Mike Luark – Wins local Conservationist of the Year!

by Mike Lederhause – Eagle County Conservation District

Eagle County Conservation District Recognizes Conservationist of the Year

The true environmentalists are the farmers and ranchers that work the land and know the value of caring for the land and environment.  They are the stewards that watch over and protect the land that they use.

The Luark family took up a homestead on Sunnyside Divide north of Burns in 1923 and built the lodge that still stands in 1929.   In March of 1941 the Wilbur Luark family moved down to the ranch just north of Burns where Wilbur and his wife Jessie raised 3 sons and a daughter including Mike.

Conservation and care for the land runs in the family.  In 1983 Wilbur was honored as the Outstanding Conservationist of the year by the Eagle County Soil Conservation District and the second place Conservationist for the State by the Colorado Association of Soil Conservation Districts.  He was also selected by the Colorado River Valley Watershed Association as the Outstanding Conservationist.  Wilbur’s son Pat and his family now operate the home ranch and were honored as Outstanding Conservationist for 1993 by the Eagle County Conservation District.

Mike Luark attended Eagle Valley High school where he was an honored as a State Farmer by the Future Farmers of America.   As an adult he took over operation of the Luark Land Company ranch 8 miles Northeast of Dotsero along the Colorado River in 1977, where he continues to apply the values and practices he learned as a youth to the land.  Ann Luark grew up near Hood River, Oregon noted as the pear capitol for the fruit raised there.  It was there that she became interested in honey bees.

In 2001 Mike and  Ann were recognized by both the Bureau of Land Management and the Colorado Riparian Association for stewardship of their grazing parcels and efforts in restoring Horse Creek which is part of their allotment.  Thanks to their efforts several species of wildlife, birds and vegetation have returned to a once barren landscape.

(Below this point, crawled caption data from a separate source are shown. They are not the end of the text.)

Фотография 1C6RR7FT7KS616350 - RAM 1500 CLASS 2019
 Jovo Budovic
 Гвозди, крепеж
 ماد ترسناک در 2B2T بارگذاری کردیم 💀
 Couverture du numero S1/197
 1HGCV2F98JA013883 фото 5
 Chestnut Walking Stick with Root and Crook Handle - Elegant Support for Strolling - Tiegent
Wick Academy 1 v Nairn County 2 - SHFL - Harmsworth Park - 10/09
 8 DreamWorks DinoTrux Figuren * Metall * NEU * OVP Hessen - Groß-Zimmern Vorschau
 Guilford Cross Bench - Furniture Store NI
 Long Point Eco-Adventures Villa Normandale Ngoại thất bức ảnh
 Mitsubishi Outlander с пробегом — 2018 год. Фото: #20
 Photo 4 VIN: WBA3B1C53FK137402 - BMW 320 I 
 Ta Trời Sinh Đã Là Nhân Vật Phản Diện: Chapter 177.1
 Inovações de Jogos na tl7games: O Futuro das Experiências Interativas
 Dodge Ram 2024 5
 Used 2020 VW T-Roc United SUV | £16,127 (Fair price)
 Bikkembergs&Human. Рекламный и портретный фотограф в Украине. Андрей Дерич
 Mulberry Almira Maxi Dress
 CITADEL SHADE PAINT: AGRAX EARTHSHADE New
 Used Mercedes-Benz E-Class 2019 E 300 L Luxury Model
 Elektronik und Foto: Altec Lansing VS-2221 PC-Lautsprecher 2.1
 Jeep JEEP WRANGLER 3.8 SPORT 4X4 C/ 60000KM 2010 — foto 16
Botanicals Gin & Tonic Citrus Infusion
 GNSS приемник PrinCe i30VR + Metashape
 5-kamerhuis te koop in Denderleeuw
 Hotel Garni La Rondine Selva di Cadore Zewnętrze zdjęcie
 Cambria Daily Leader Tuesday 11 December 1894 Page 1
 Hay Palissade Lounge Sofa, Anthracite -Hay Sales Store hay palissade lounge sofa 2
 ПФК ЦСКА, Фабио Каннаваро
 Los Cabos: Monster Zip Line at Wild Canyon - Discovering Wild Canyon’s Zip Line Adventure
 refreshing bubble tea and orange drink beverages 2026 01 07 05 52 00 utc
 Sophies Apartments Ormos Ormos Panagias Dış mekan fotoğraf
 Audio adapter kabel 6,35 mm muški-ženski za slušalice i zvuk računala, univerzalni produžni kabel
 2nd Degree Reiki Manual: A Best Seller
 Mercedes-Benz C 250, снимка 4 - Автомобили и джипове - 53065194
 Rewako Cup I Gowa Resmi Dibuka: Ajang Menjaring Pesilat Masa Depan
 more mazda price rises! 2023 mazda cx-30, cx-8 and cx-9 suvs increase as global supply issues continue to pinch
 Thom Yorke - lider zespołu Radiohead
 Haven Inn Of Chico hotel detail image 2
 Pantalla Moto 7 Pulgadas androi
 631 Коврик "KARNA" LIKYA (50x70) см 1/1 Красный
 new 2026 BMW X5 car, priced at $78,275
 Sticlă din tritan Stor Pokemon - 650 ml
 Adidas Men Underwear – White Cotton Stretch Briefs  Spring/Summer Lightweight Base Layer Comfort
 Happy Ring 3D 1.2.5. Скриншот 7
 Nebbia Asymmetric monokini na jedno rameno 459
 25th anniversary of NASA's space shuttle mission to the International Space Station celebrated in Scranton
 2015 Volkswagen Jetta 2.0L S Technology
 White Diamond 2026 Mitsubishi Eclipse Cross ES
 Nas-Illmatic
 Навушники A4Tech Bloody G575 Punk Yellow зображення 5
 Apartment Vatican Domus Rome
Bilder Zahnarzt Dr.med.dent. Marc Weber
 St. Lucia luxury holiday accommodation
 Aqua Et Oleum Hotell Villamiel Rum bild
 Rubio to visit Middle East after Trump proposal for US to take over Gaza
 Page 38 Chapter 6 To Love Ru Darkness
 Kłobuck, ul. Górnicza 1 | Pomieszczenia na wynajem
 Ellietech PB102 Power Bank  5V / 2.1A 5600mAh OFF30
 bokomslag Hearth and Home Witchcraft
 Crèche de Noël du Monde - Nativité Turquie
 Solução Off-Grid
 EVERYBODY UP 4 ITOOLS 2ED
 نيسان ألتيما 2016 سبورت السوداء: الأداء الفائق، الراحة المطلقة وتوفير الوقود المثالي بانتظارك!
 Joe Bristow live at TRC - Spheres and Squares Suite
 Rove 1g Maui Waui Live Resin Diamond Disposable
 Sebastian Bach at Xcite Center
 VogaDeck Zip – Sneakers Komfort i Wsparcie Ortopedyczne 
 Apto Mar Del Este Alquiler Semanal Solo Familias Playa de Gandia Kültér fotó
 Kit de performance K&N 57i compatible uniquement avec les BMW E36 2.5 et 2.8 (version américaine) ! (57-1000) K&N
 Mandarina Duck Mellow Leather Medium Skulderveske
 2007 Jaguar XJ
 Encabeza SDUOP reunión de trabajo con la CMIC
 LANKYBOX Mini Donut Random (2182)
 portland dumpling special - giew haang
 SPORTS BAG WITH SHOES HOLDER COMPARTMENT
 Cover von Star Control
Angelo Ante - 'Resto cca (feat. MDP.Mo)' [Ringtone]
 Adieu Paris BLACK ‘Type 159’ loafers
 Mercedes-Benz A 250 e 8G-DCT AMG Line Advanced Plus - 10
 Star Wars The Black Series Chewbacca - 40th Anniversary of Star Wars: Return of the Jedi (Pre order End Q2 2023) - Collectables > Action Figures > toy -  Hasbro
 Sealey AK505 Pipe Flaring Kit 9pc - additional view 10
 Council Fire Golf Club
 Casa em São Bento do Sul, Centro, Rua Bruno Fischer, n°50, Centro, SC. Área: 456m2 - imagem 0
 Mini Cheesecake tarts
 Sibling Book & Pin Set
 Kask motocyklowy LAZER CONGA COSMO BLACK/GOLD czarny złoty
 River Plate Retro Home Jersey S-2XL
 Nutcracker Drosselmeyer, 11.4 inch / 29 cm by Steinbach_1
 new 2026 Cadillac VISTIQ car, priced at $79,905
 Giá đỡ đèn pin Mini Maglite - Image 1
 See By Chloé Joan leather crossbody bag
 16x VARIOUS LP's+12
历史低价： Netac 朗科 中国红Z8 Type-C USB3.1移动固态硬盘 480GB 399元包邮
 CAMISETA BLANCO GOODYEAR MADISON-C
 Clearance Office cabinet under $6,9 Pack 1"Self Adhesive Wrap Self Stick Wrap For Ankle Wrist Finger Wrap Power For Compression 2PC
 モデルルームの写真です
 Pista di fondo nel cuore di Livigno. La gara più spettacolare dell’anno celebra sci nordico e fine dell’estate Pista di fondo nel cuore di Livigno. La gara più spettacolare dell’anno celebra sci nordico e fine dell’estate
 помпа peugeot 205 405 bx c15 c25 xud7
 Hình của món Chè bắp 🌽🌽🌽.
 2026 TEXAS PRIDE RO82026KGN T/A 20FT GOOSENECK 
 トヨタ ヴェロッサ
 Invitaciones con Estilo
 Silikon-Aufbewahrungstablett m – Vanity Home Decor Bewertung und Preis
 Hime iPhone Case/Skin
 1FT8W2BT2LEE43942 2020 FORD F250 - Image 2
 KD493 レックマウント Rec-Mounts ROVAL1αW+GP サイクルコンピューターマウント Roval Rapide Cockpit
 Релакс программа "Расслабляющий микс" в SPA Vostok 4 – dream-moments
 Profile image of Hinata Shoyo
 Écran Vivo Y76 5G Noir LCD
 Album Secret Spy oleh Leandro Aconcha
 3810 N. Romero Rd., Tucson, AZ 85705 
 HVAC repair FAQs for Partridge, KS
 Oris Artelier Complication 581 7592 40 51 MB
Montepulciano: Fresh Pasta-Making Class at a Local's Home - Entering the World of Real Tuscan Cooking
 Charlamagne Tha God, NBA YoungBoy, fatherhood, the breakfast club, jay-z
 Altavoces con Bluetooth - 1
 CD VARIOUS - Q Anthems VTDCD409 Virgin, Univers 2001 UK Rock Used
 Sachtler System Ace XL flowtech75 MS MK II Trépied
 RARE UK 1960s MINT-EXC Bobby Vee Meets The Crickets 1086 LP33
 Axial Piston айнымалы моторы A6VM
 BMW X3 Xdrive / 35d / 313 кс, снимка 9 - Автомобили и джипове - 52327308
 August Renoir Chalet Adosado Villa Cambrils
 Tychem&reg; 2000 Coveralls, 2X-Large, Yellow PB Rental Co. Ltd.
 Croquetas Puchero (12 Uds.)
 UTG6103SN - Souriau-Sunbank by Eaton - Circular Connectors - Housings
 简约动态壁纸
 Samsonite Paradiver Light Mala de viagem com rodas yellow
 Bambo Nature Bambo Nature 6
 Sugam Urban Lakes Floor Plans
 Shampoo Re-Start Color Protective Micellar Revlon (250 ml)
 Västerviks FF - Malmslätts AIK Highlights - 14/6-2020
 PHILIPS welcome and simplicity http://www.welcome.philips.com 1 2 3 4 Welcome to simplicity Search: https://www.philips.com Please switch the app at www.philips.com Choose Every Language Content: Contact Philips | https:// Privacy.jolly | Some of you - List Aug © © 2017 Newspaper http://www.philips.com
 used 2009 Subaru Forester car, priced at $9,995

Today the Eagle County Conservation District recognizes Mike and Ann for their continued stewardship of their ranch.  The ranch is highly visible from the Colorado River Road and the first glance reveals the level, well cared for fields of alfalfa which border the Colorado River and the neat appearance of the ranch.  They have planted varieties that produce exceptionally well on their ranch along with taking steps to maximize the efficient use and conservation of their irrigation water.  They have installed a combination of pivot sprinkler and gated pipe irrigation to irrigate their land.  Doing so reduces the runoff and silting of the river and the overall amount of water needed to grow a crop.  To improve the riparian area along the river they first installed livestock troughs, then have installed over 6,000 feet of fence to keep cattle off the river bank and this year they will be planting over 150 trees along the river.

Mike and Ann also manage a large colony of honey bees that pollinate almonds in California, fruit in the Palisade area and the various crops in Eagle and Routt Counties which completes the cycle of life for the various plants.  The excess honey and wax is recovered and sold locally.

Eagle County is fortunate to have Mike and Ann caring for the land and environment along with providing appealing open space.

One response

  1. This is great reporting.

    We all need to buy food locally! Let’s make farmers important again! Of course one thing that needs to happen is Monsanto’s patents need to be ruled invalid.

    Please buy food from local farmers.

    Wait! If you see my wife buying something at Costco are you now going to call me a hypocrite, because we buy stuff at Costco?